▶ Work to complete: Required from the data below: the exact lines starting at the line containing "Buy AK-OK Blue" and ending at the line containing "Zwilling Zwilling - Trueflow", with both ends kept and all pictures dropped.

▶ Source material:
· · ·
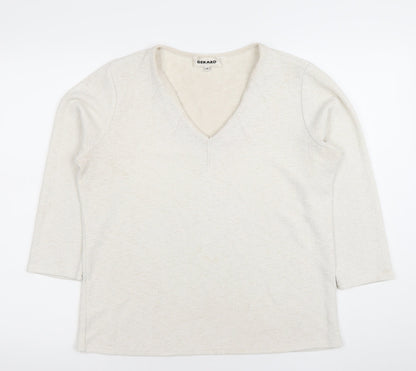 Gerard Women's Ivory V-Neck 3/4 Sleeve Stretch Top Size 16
· · ·
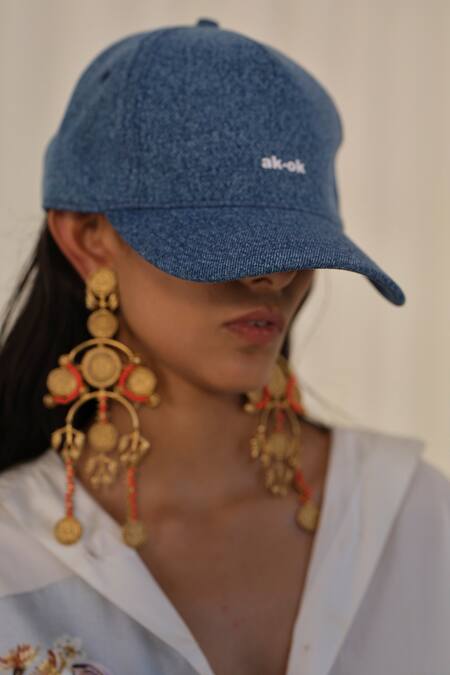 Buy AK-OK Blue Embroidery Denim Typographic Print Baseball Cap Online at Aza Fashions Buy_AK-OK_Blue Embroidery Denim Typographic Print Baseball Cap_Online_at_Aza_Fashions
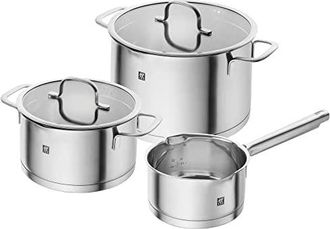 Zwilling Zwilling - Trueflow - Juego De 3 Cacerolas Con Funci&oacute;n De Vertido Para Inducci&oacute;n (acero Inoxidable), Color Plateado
· · ·
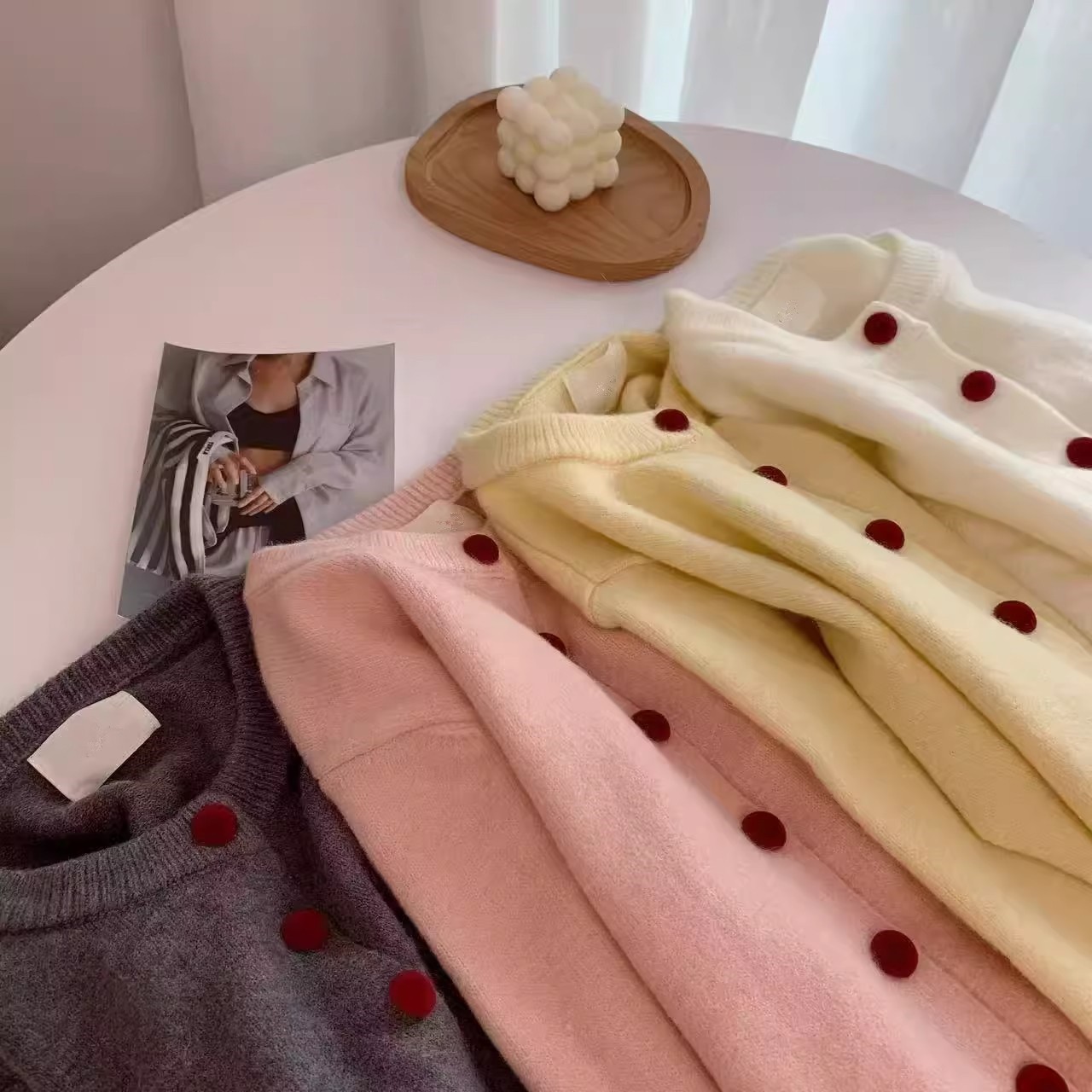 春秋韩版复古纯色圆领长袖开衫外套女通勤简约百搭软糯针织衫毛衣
· · ·
▶ Output for this exercise:
 Buy AK-OK Blue Embroidery Denim Typographic Print Baseball Cap Online at Aza Fashions Buy_AK-OK_Blue Embroidery Denim Typographic Print Baseball Cap_Online_at_Aza_Fashions
 Zwilling Zwilling - Trueflow - Juego De 3 Cacerolas Con Funci&oacute;n De Vertido Para Inducci&oacute;n (acero Inoxidable), Color Plateado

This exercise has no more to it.